Charmaine Papertalk Green
Charmaine Papertalk Green Smith was an Australian Indigenous poet. As Charmaine Green she worked as a visual and installation artist.
Background
Green was a Yamaji woman, born in 1962 at Eradu near Geraldton in Western Australia.Green died on the Whadjuk boodja on 27 August 2025, at the age of 63.
Career
Poetry
A number of her poems were included in Those Who Remain Will Always Remember: An Anthology of Aboriginal Writing.Her work was included in The New Oxford Book of Australian Verse, while her 2019 poetry collection, Nganajungu Yagu, won the 2020 Victorian Premier's Prize for Poetry. Green won the 2020 ALS Gold Medal for Nganajungu Yagu and was shortlisted in 2019 for False Claims of Colonial Thieves. In the 2020 Queensland Premier's Literary Awards, Judith Wright Calanthe Prize for Poetry, she was shortlisted for Nganajungu Yagu.

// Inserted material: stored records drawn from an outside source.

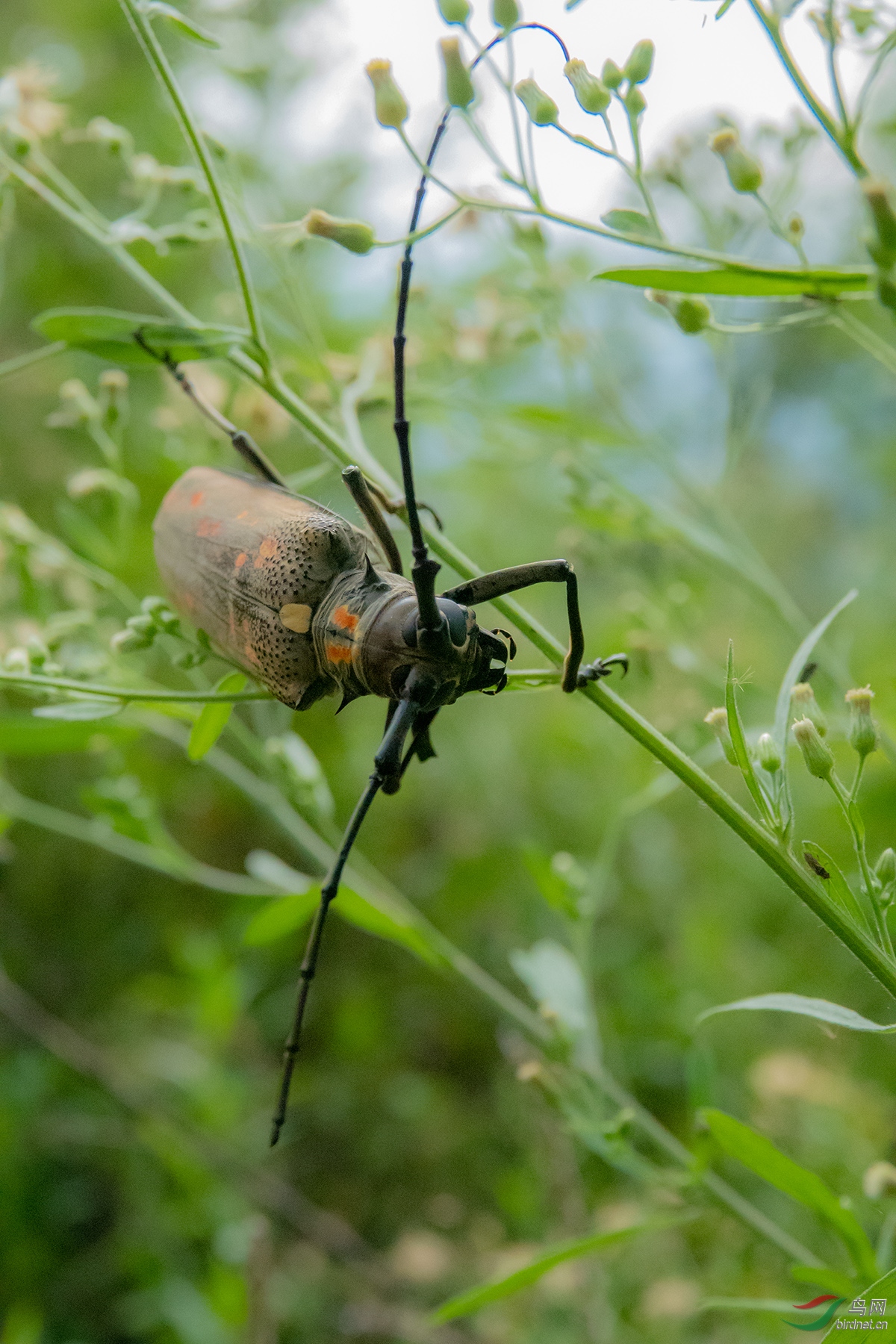 ��Χ-089.WXY07439 ����.jpg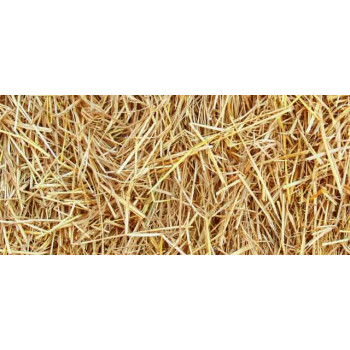 Palha de trigo 10kg - Jopack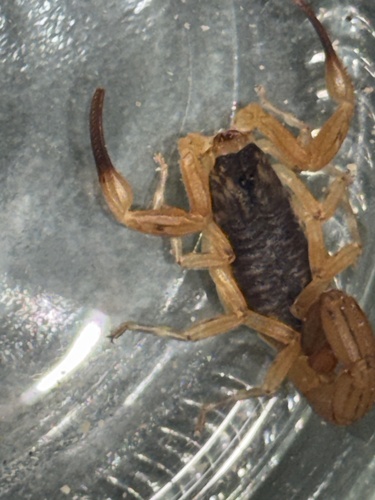 Brazilian Yellow Scorpion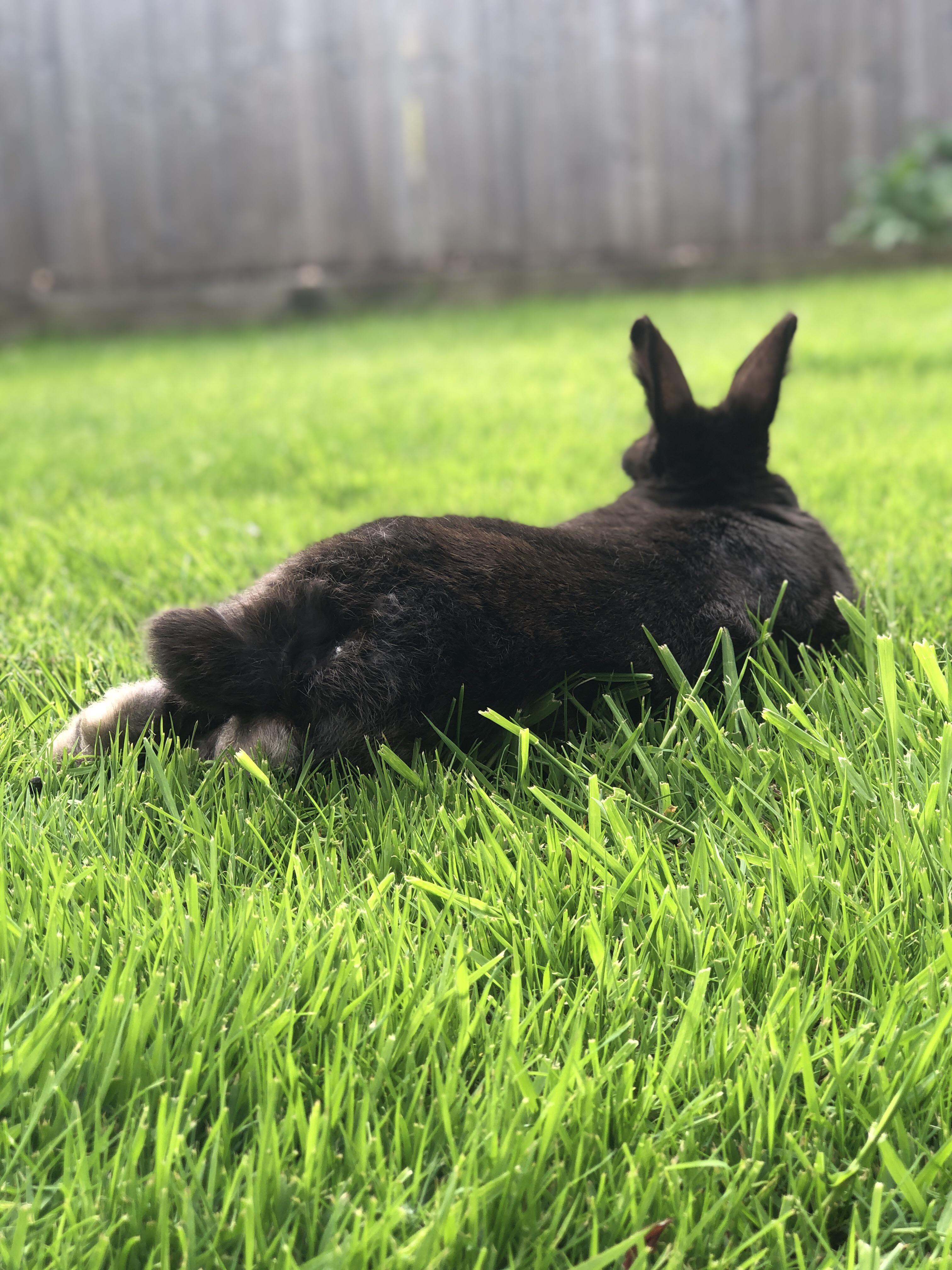 Geoffrey the majestic fluff butt enjoying some sunny weather. But when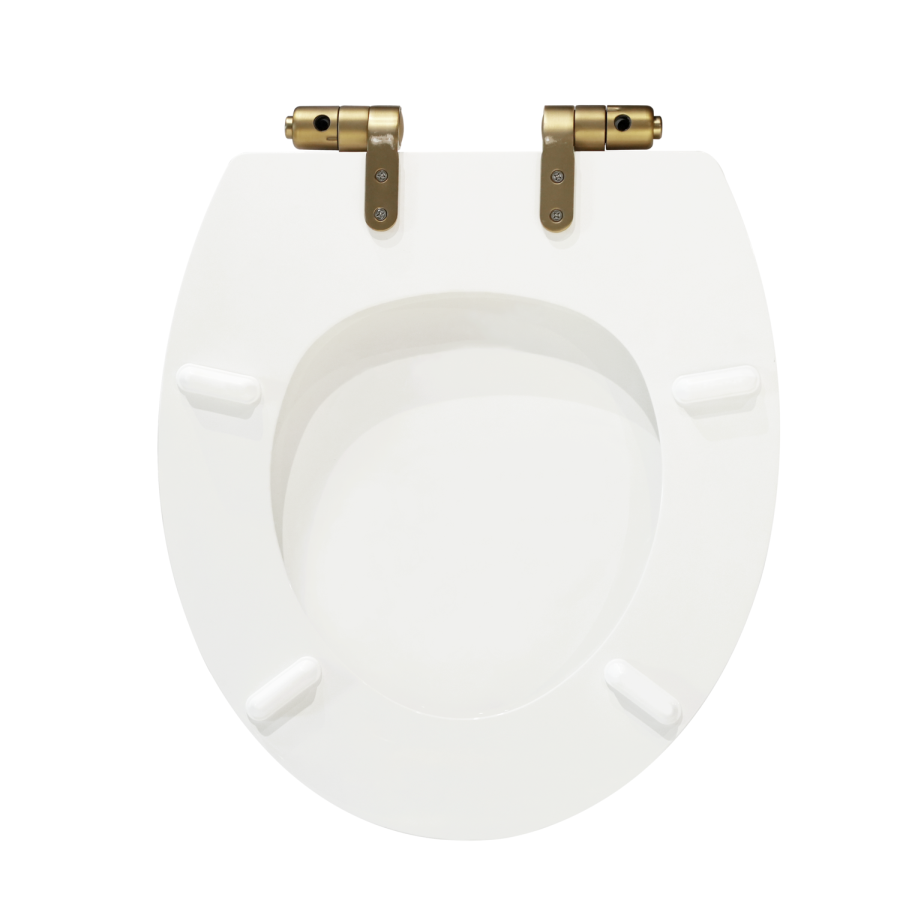 Park Royal Wooden Seat & Cover With Brushed Brass Hinge Covers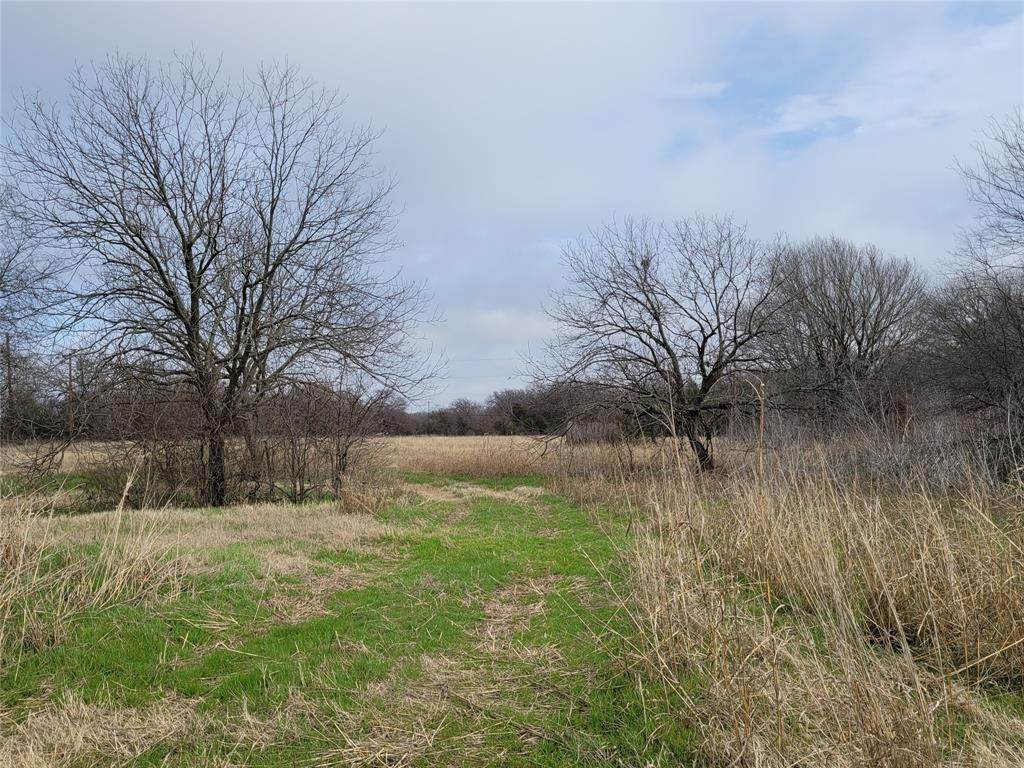 2232 County Road 415 - Photo 1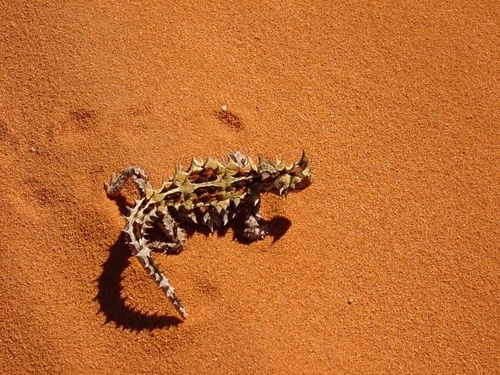 lézard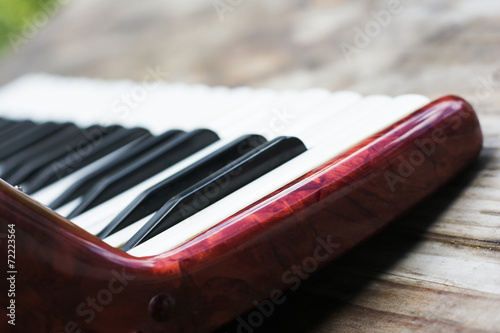 Keyboard of accordian photo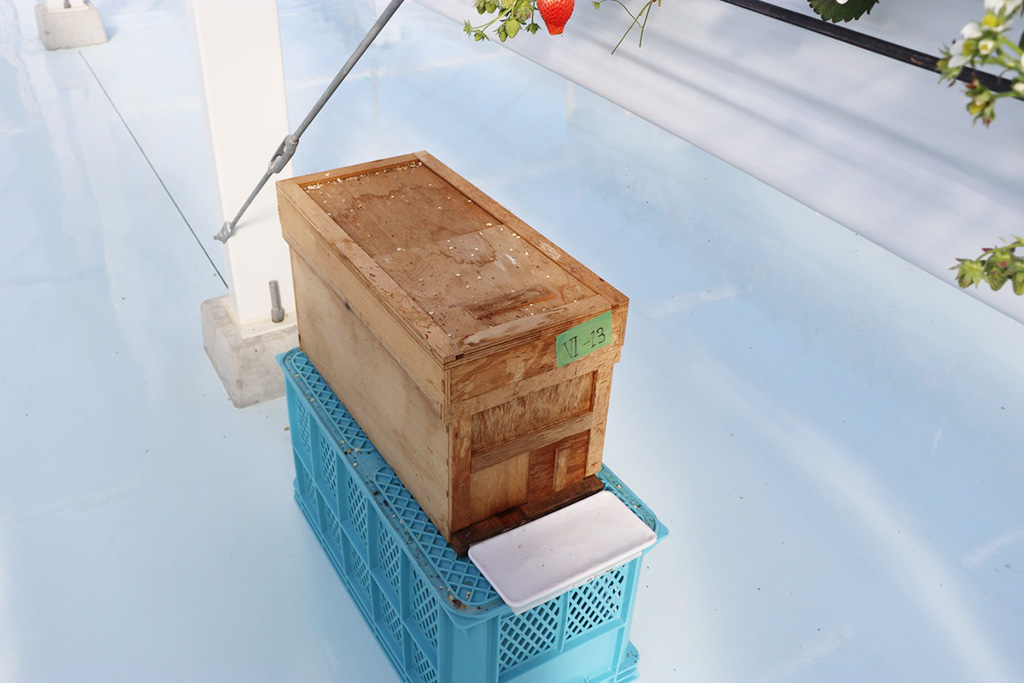 ミツバチの巣箱/湖と苺(滋賀県/草津市)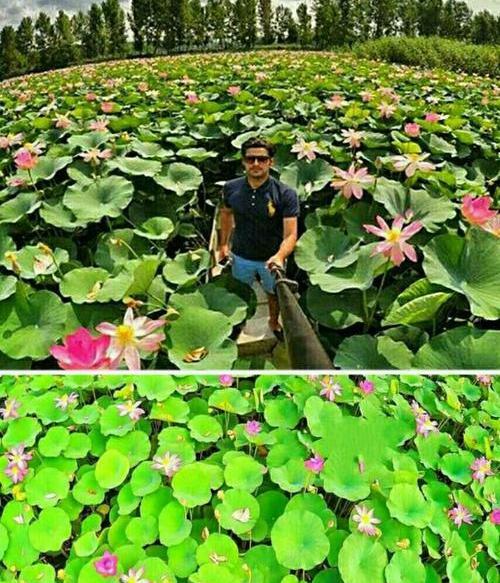 عکس نوشته نیلوفر ابی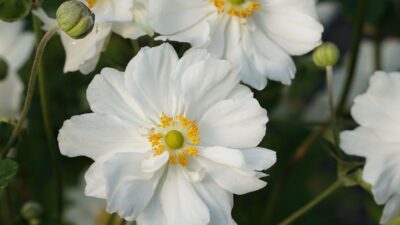 Anemone japonica 'Whirlwind'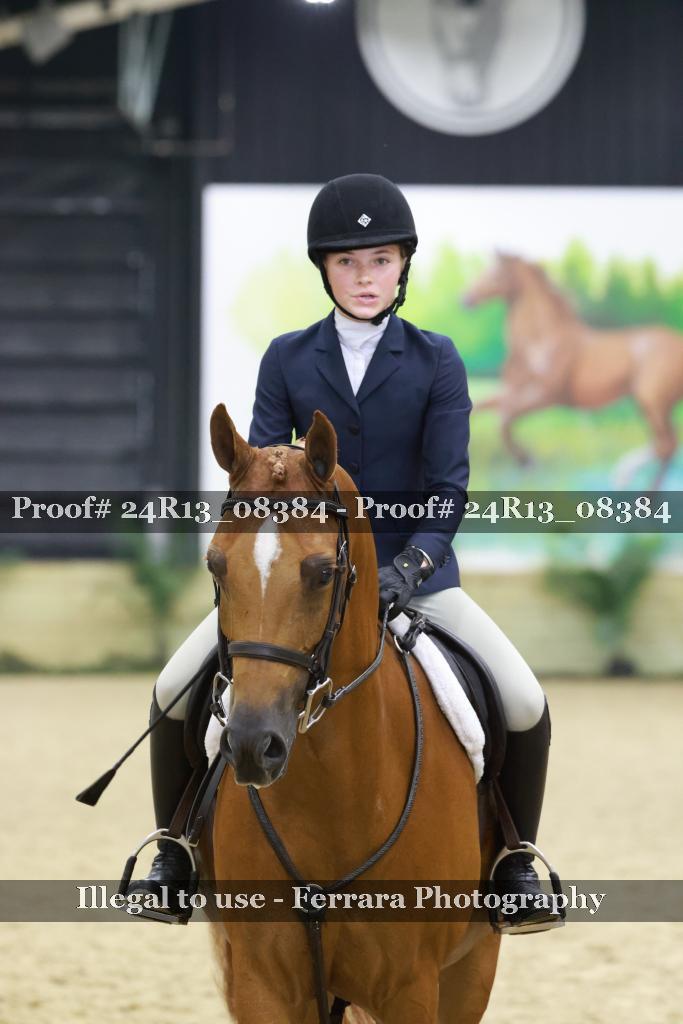 Proof 24R13_08384
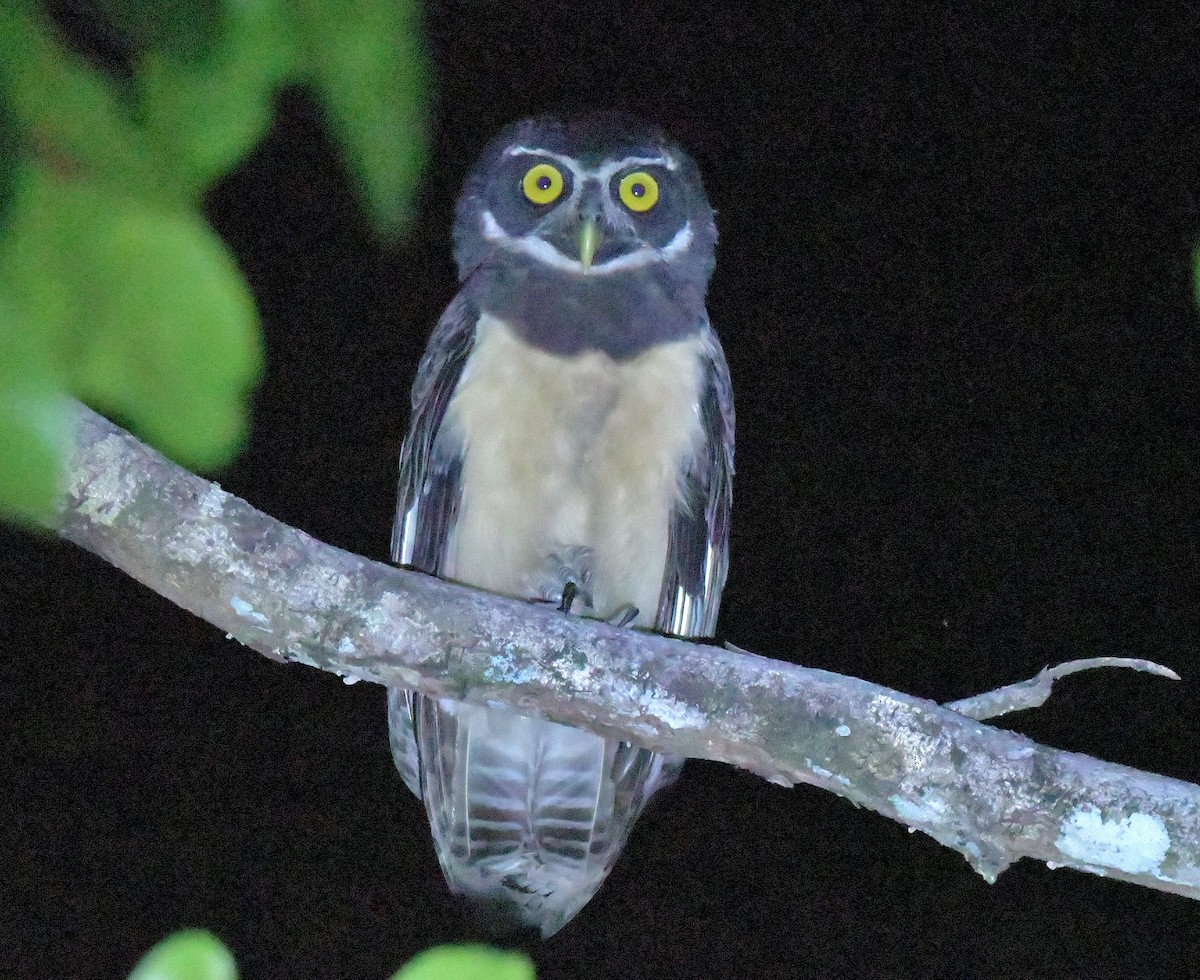 Spectacled Owl - ML616334484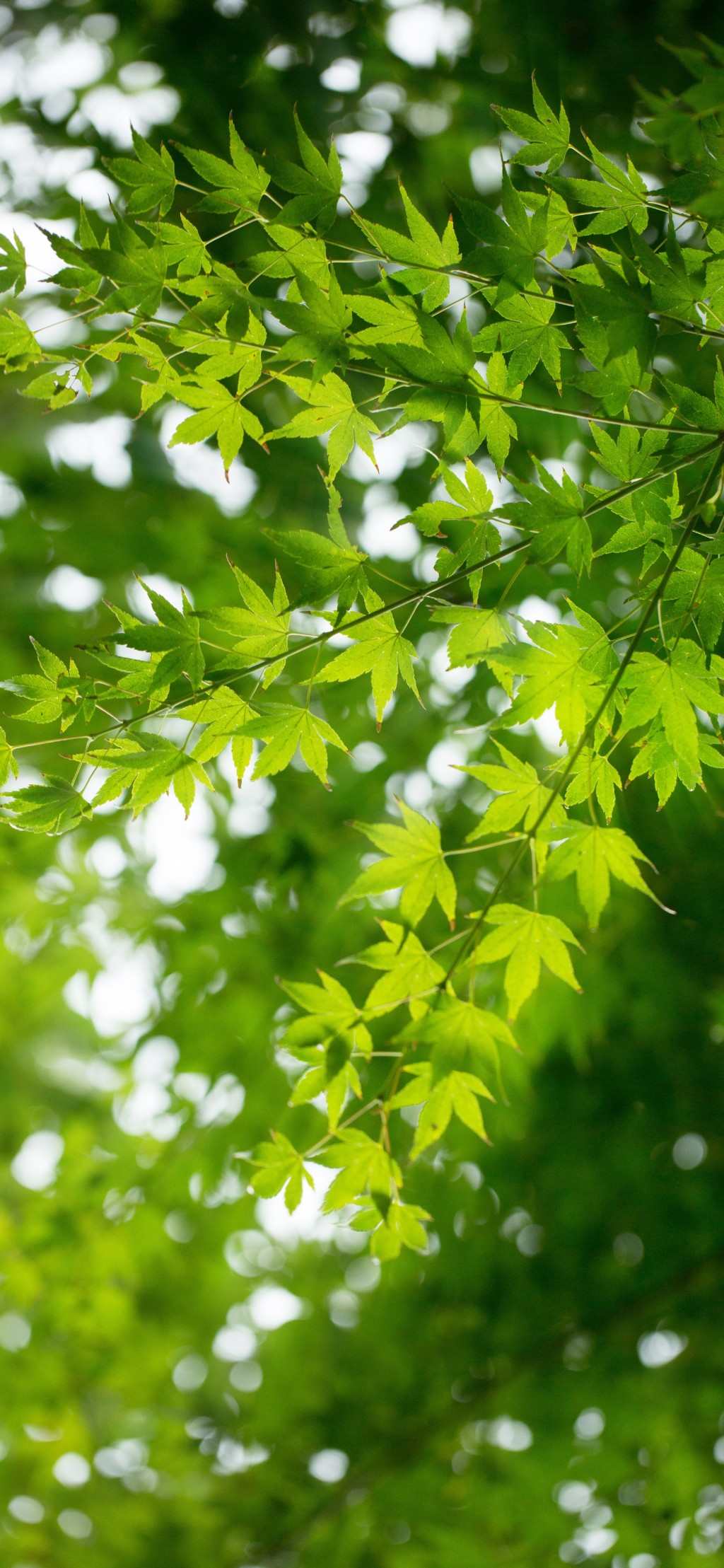 清新绿色树叶倾心风景手机壁纸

Her 2018 book False Claims of Colonial Thieves, co-written with John Kinsella, was shortlisted for the John Bray Poetry Award at the 2020 Adelaide Festival Awards for Literature. In his 2018 review, Robert Wood wrote: "As a critique of colonial Australia and a historical document, False Claims of Colonial Thieves has a certain weight and importance". She and Kinsella were interviewed by Claire Nichols for The Book Show on ABC Radio National.
In 2023 Green won the Red Room Poetry Fellowship, valued at $5,000 plus a two-week residency at Bundanon. Her nominated work is Jugarnu Wangga Migamanmanha. With co-author John Kinsella, she was shortlisted for the 2023 ALS Gold Medal for ART.
On International Women's Day in 2023, Green was inducted into the Western Australian Women's Hall of Fame.